I am currently running regression analysis to find out Impact of Each indep variable on dep variable
y = b1x1 + b2x2 + b3x3 + b4x4 ....
The output that I seek is var x1 accounts for 20% , var x2 accounts for 30% impact. to calculate this I am using standardized coefficients.
However, I see that there are a lot of variables that have correlation amongst them.
I know factor analysis and principle analysis are methods of dealing with the problem of correlation .. however, in the end I want to see the impact in terms of percentage .. Like var x1 has 20% var x2 has 12% and so on ..
what correlation would be considered as high .. like above 0.7 or above 0.8 or some number ...

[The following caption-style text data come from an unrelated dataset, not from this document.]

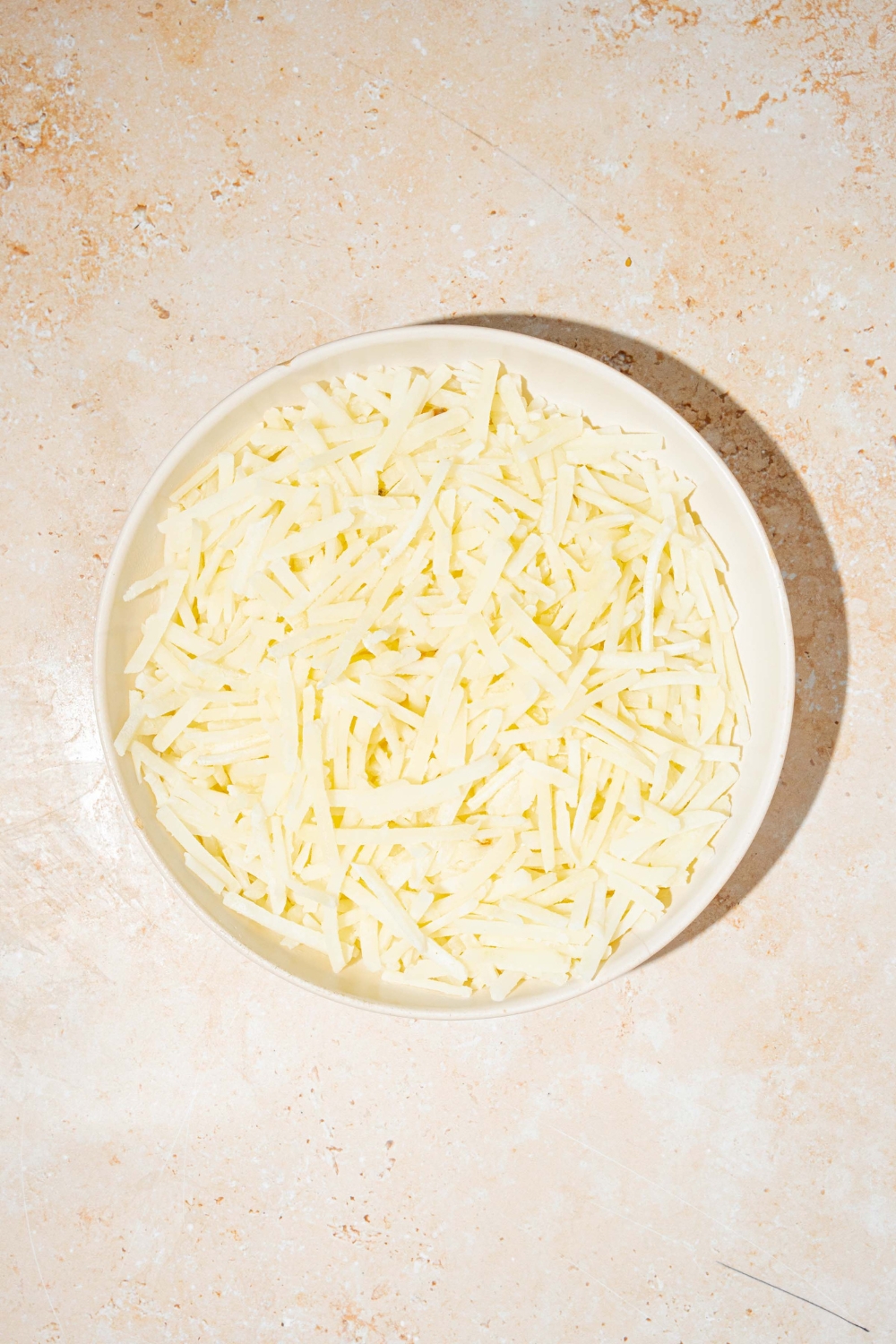 A white bowl with shredded potatoes. The bowl is on a tan counter.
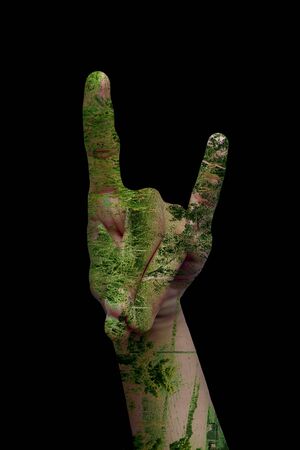 Double exposure shot of pair of hands with some hand sign and having healing nature. Concept of Care for mother nature.の写真素材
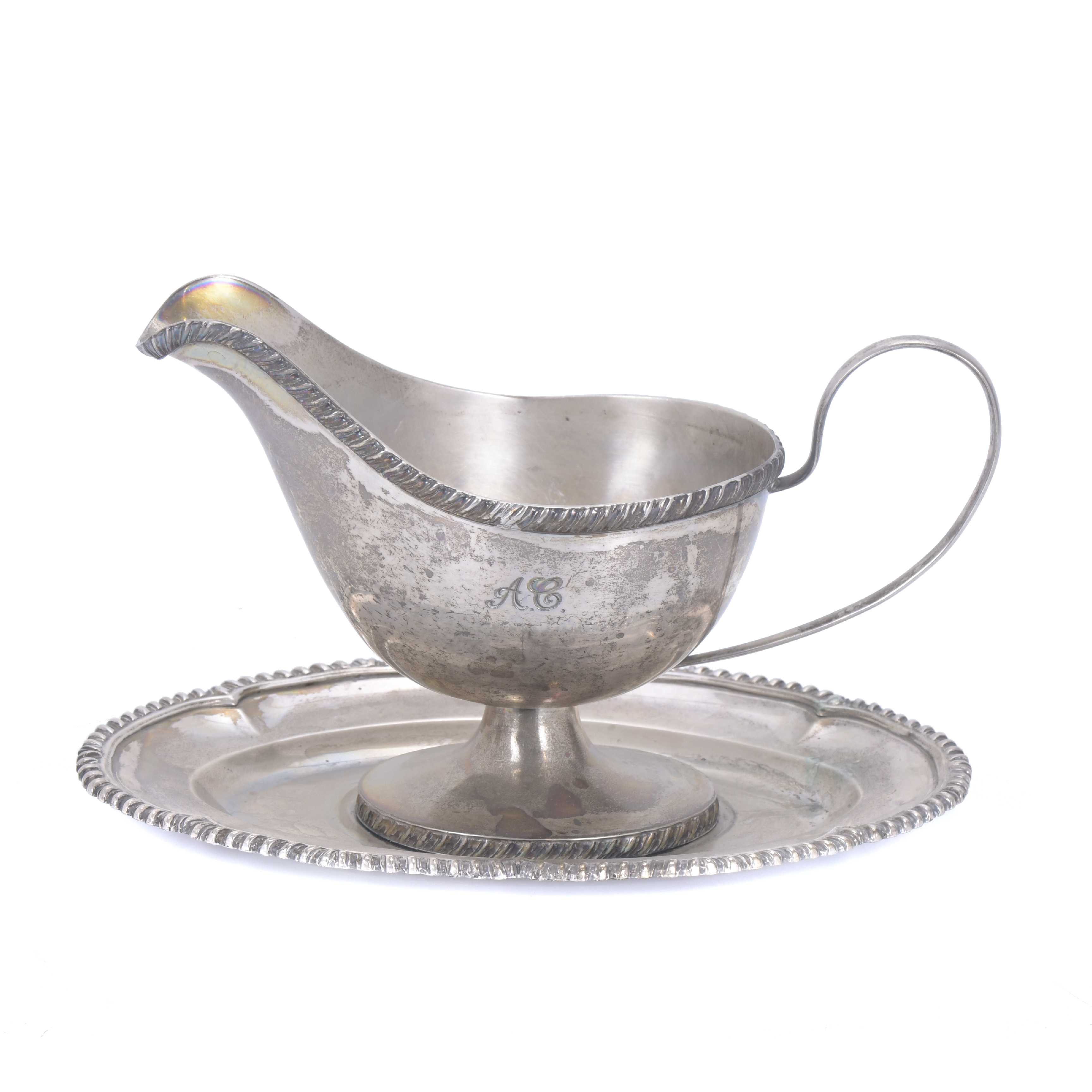 SILVER SAUCE BOAT ON PLATTER, 20TH CENTURY.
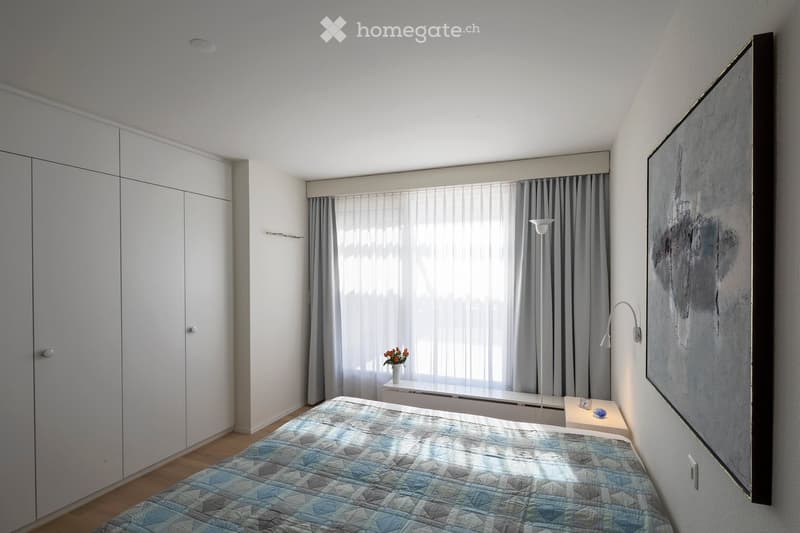 Bedroom with bed, white wardrobes, white walls, white floor, window with curtains, nightstand, lamp, painting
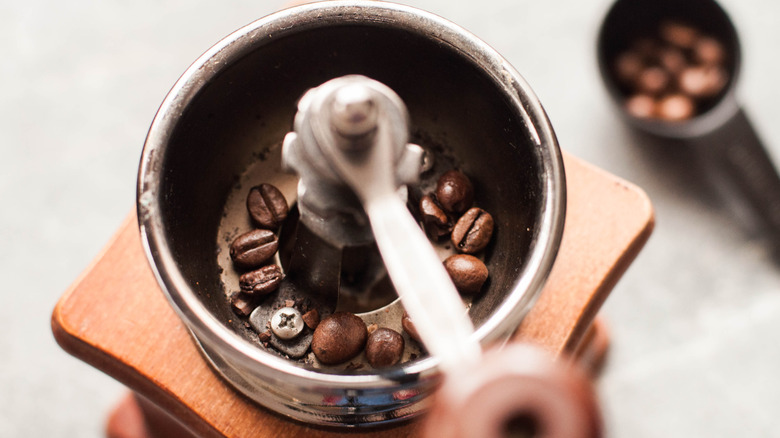 A top-down close up of coffee beans in a hand grinder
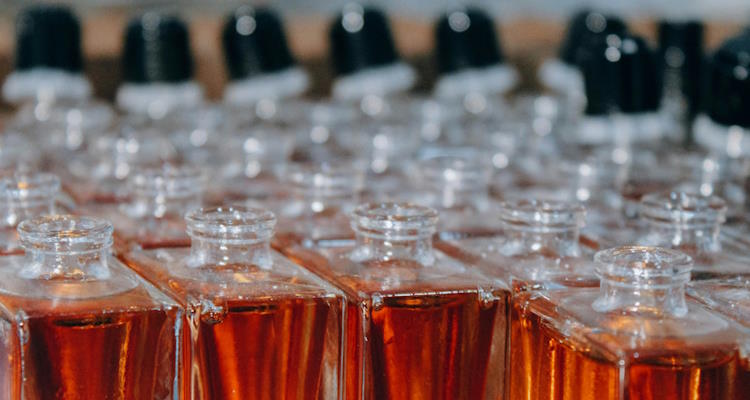 Symbolbild: Viele aufgereiht Parfumflakons aus Glas mit einer farbigen Flüssigkeit. Duftstoffe können die Innenraumluft belasten.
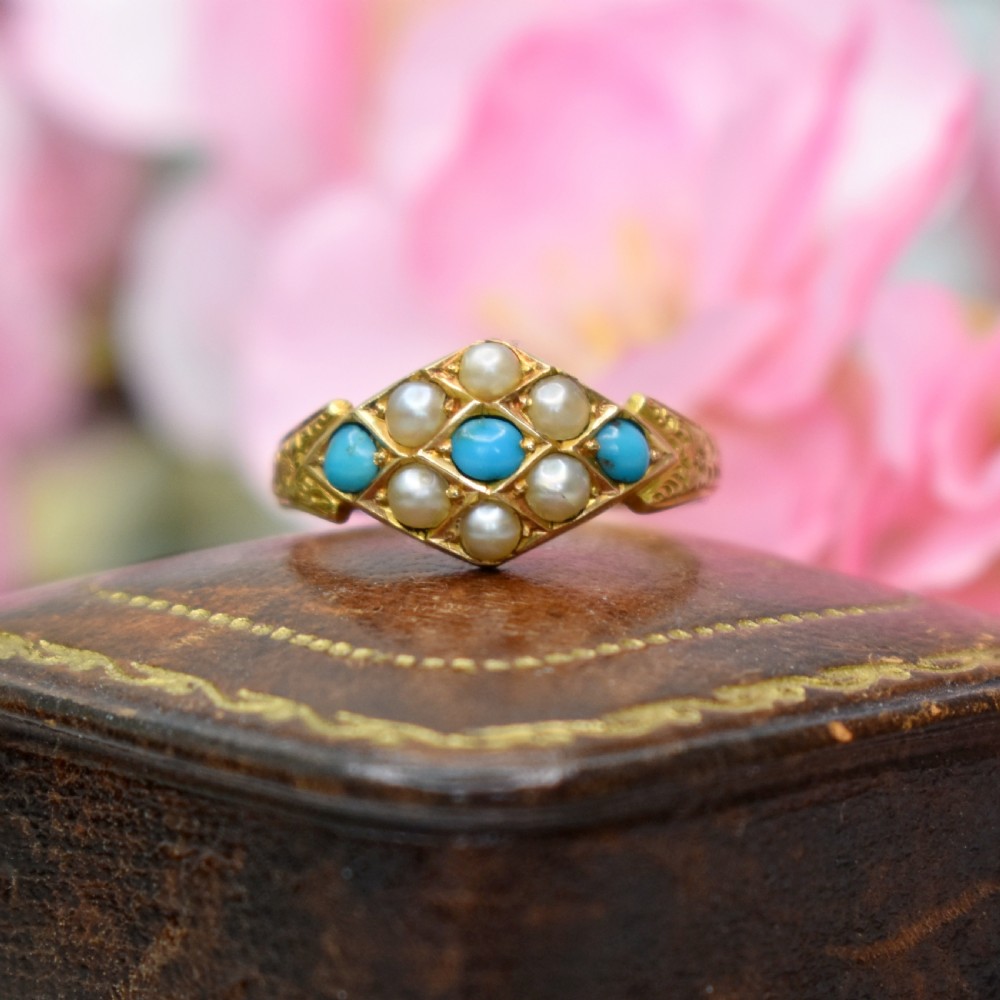A late Victorian 15ct yellow gold ring featuring a diamond-shaped face set with turquoise cabochons and split pearls, flanked by engraved shoulders. View VI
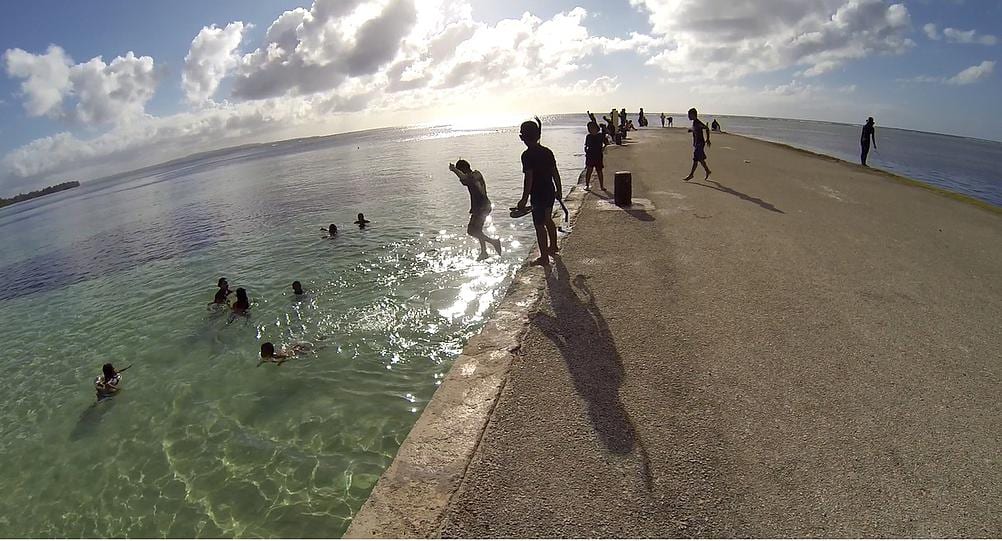 Children and teenagers swimming and jumping off a long concrete breakwater into clear turquoise water under a bright sky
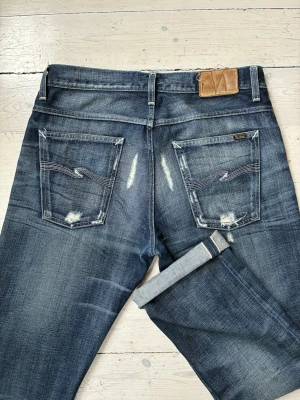Nudie jeans selvedge Lab Joe - Otroligt feta Nudie jeans i modellen Lab Joe. De är selvage i riktig gott skick, en lös tråd på läderlappen baktill är det enda att anmärka på och möjligen att texten på lappen där modellen står är har fadeats bort. Storlek 34/34.Jeansen har använts lite men aldrig tvättats av mig men köpte dem på vinted och har antagligen tvättats innan. Börjat få lite heelbite och hade nog mått bra av en tvätt om inte allt för lång tid, men tänker att det är upp till nästa ägare att bestämma :) Skriv gärna vid
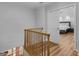 View of the staircase and the main bedroom; featuring wood floors and white walls at 13789 Woolsey Rd, Hampton, GA 30228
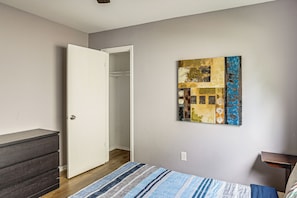 A bedroom with a bed, a dresser, a closet, and a wall-mounted artwork. - Fenced Yard! Austin Group Escape Near Golf (Austin)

It would be helpful if you guys could suggest me some method to this ..
The only time statements like "var x1 has 20% var x2 has 12%" have meaning is when the variables are not correlated with one another.
As soon as you have correlations, statements of the sort "var x1 has 20% var x2 has 12%" are meaningless.
I suggest you adopt a different mindset. You can still determine which combinations of variables are important in the prediction equation; you cannot determine which individual variable is causing the impact via statistics alone, nor can you quantify the percent impact of an individual variable.
One technique that allows you to determine the combinations of variables that are important in the predicting a response(s) is Partial Least Squares regression.